Michel Tooktoo says he was detained 19 months in jail and had 14 court appearances before he was eventually released in 2016 when the charges were dropped.
It was a painful experience Tooktoo testified Tuesday at the Quebec inquiry examining Indigenous people’s relationship with the province.
He came to Montreal from Kuujjuarapik, Nunavik to testify and said it was hard bringing up those memories.
“I was very emotional. It brought me back a lot of memories, memories that I try to forget for two years now,” said Tooktoo “But at the same time I feel released as I finally had a chance to tell people what I have been through and I am sure there is a lot of people who feel the same way.”
Vivien Carli of First Peoples Justice Centre of Montreal said the organization was developed to help people like Tooktoo.

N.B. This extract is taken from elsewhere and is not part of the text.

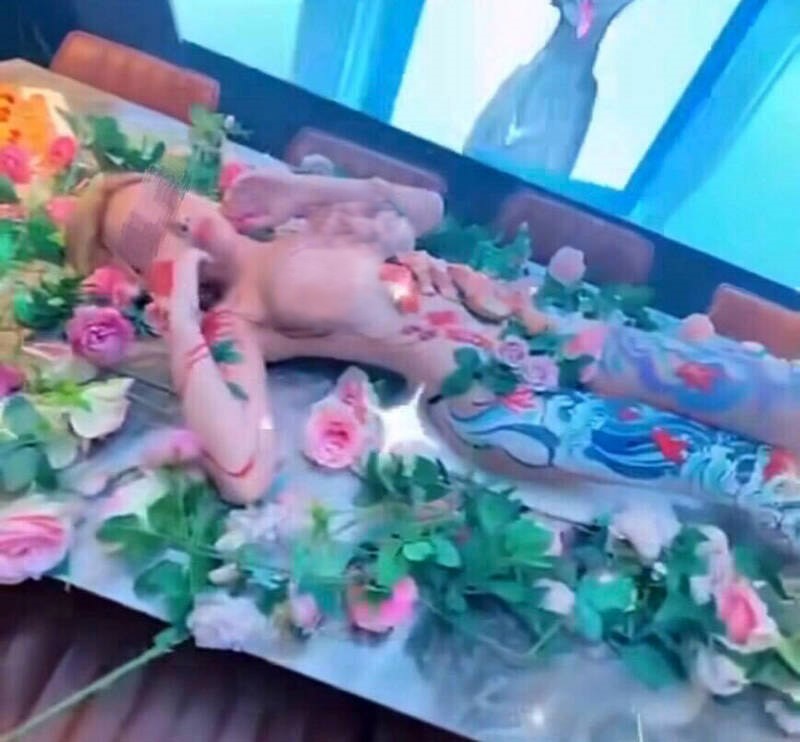 A diner in Taichung, Taiwan, stumped by a £1,456 sushi feast served on a naked model. The practice, known as 'Nyotaimori,' faces criticism and health concerns. Inspection pending.A diner in Taichung, Taiwan, stumped by a £1,456 sushi feast served on a naked model. The practice, known as 'Nyotaimori,' faces criticism and health concerns. Inspection pending.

“We offer services from when the accusation comes, even prevention to reintegration. No one offers this so he was lost in this system,” said Carli. “That is why we have a very ambitious mandate to help people throughout the whole continuum because organizations are segregated, ministries are segregated and people are falling between the cracks like Mr. Tooktoo.”
But they do so with few resources, as she also testified the organization struggles with a lack of everything from funding to treatment centres.
Carlie feels Quebec is steps behind other provinces.
“I think it has a lot to do with a lack of desire from the government to provide any support,” she said.